TASK REQUIREMENTS – Though the records contain pictures, copy none of them; repeat exactly the lines from the one with "Yevgeny Prigozhin, the" to the end.

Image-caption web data
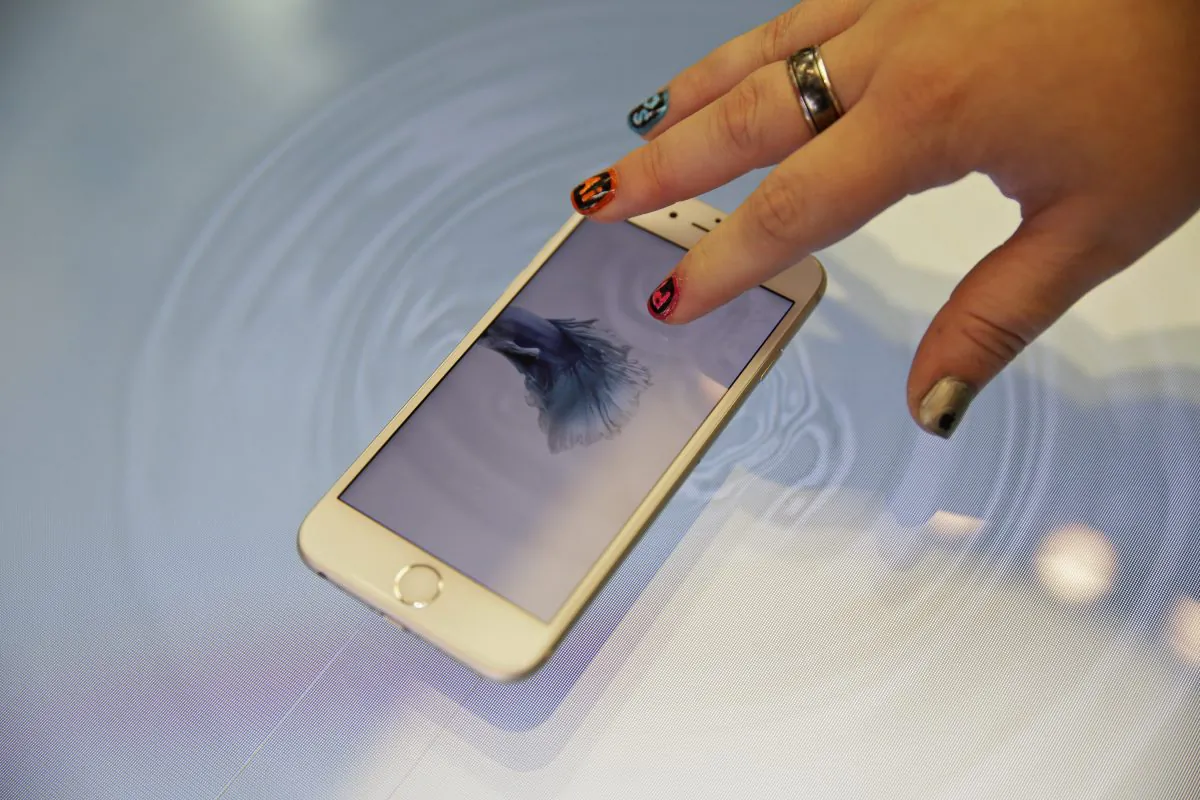 A woman presses an Apple iPhone 6s on a 3D touch table at the Apple store on  Nov. 13. (AP Photo/Eric Risberg)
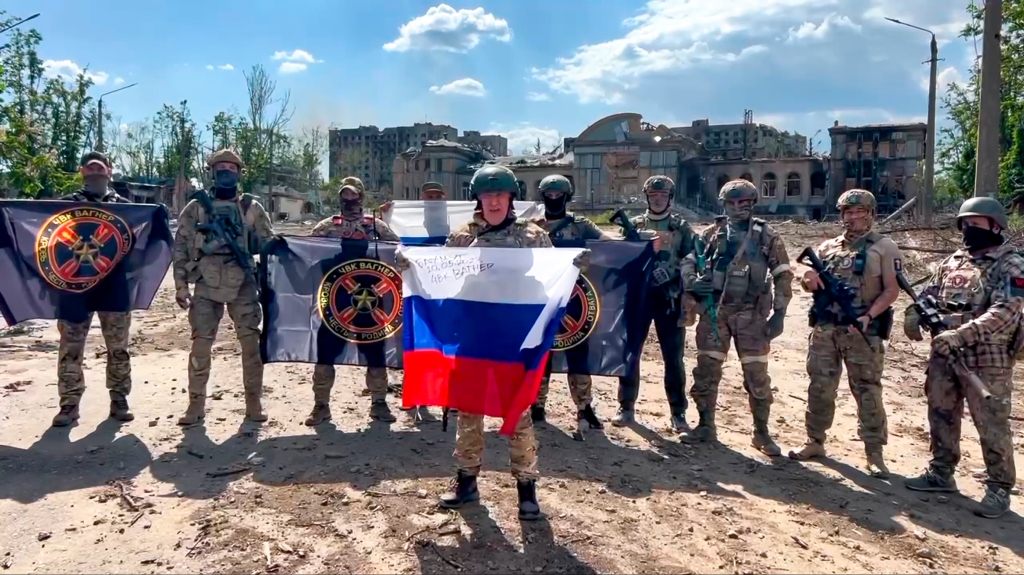Yevgeny Prigozhin, the head of the Wagner Group military company speaks holding a Russian national flag in front of his soldiers in Bakhmut, Ukraine. 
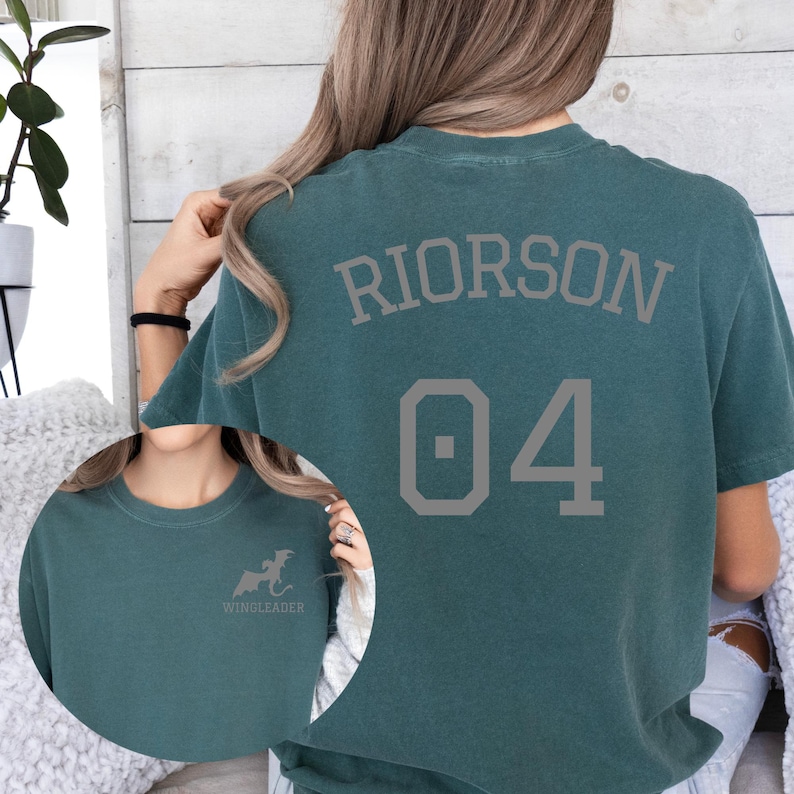 May include: A dark teal short-sleeved t-shirt featuring the text RIORSON and the number 04 in a grey athletic font on the back. The front chest area displays a small grey graphic of a dragon silhouette above the text WINGLEADER.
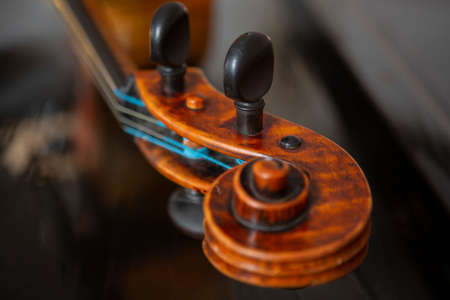 violin in vintage style on wood background close up, classical music concertの写真素材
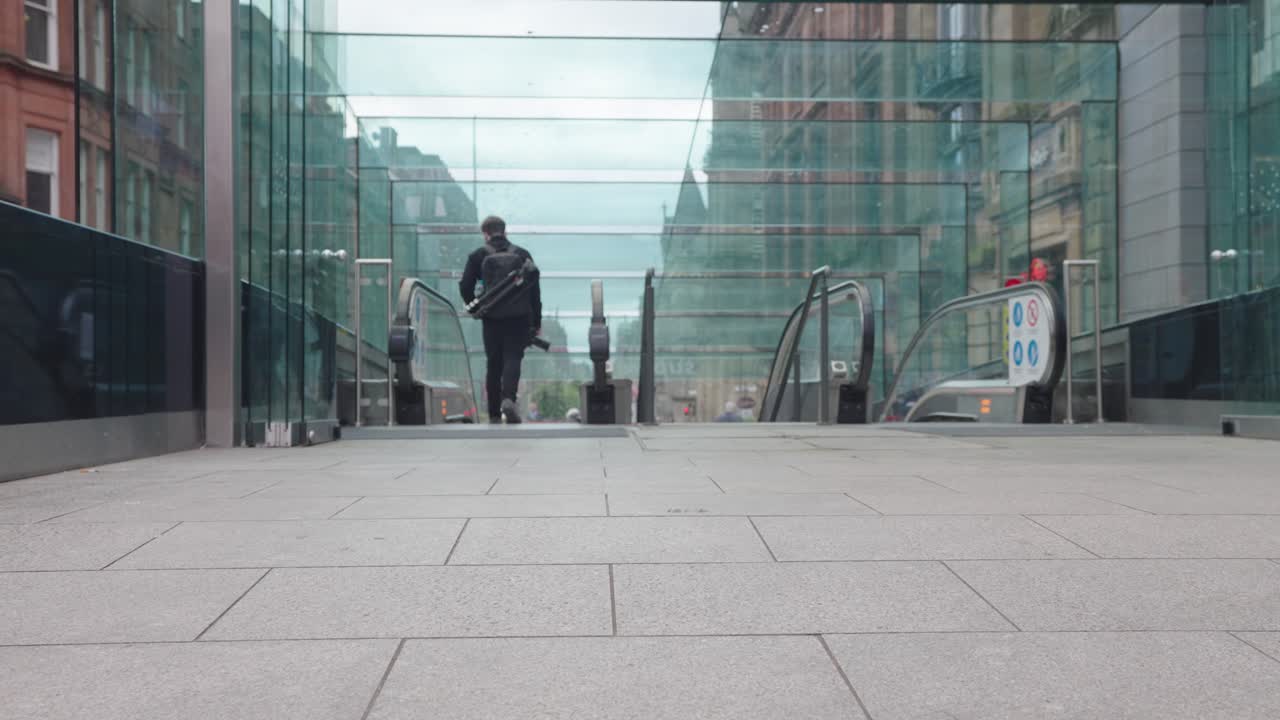 Man carrying camera and tripod enters large glass building with escalators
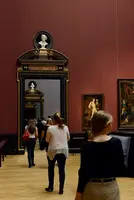 Besucher erkunden eine Kunstgalerie mit roten Wänden. Im Hintergrund ist ein Spiegel mit einer Büste darüber zu sehen, während Gemälde an den Wänden hängen. Die Menschen gehen in Richtung des Spiegels, was eine Atmosphäre von Neugier und Erkundung vermittelt.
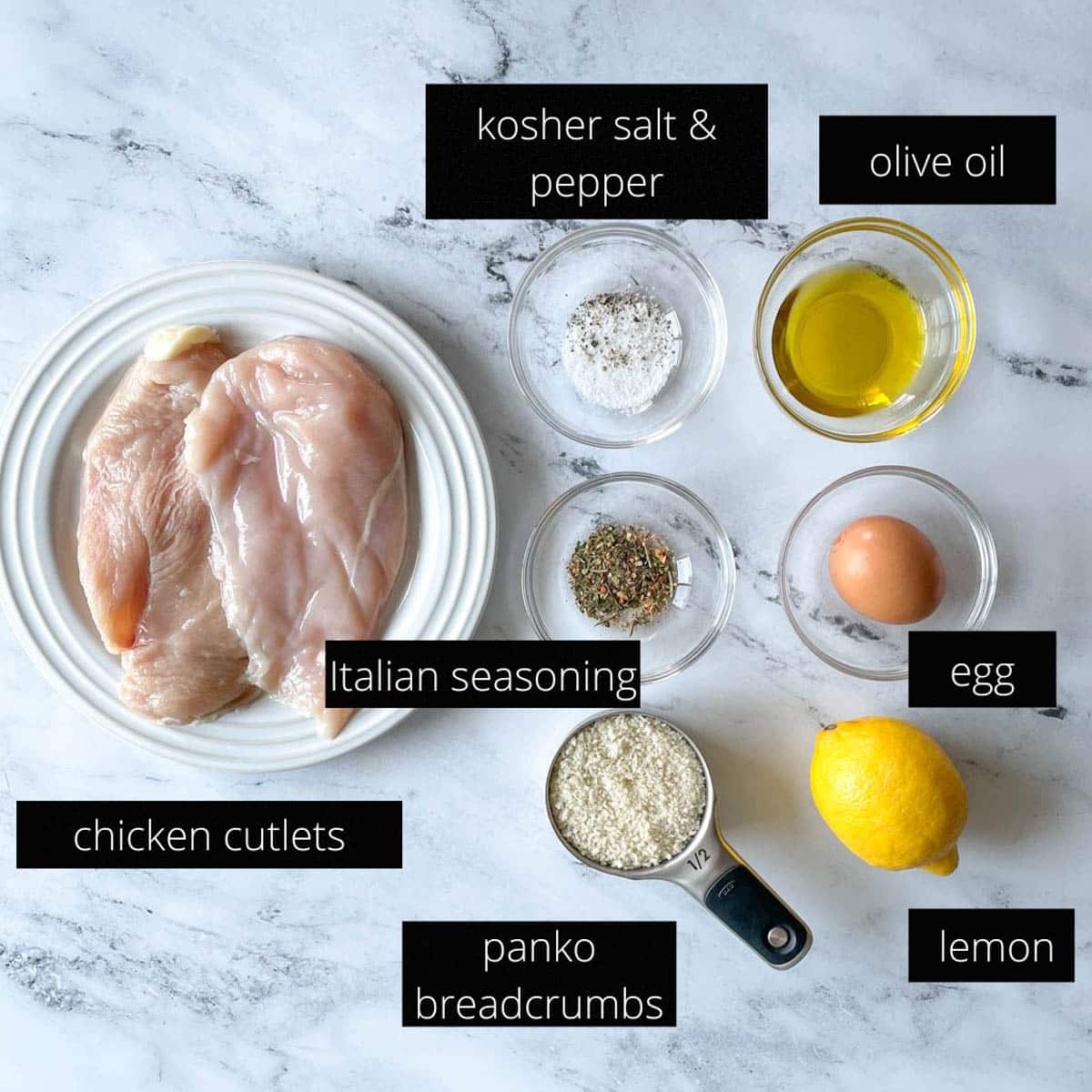 The labeled ingredients for Italian Chicken Cutlets sit on a white marble counter; they include: chicken cutlets, olive oil, kosher salt, pepper, Italian seasoning, an egg, a lemon, and panko breadcrumbs.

TASK OUTPUT –
Yevgeny Prigozhin, the head of the Wagner Group military company speaks holding a Russian national flag in front of his soldiers in Bakhmut, Ukraine. 
 May include: A dark teal short-sleeved t-shirt featuring the text RIORSON and the number 04 in a grey athletic font on the back. The front chest area displays a small grey graphic of a dragon silhouette above the text WINGLEADER.
 violin in vintage style on wood background close up, classical music concertの写真素材
 Man carrying camera and tripod enters large glass building with escalators
 Besucher erkunden eine Kunstgalerie mit roten Wänden. Im Hintergrund ist ein Spiegel mit einer Büste darüber zu sehen, während Gemälde an den Wänden hängen. Die Menschen gehen in Richtung des Spiegels, was eine Atmosphäre von Neugier und Erkundung vermittelt.
 The labeled ingredients for Italian Chicken Cutlets sit on a white marble counter; they include: chicken cutlets, olive oil, kosher salt, pepper, Italian seasoning, an egg, a lemon, and panko breadcrumbs.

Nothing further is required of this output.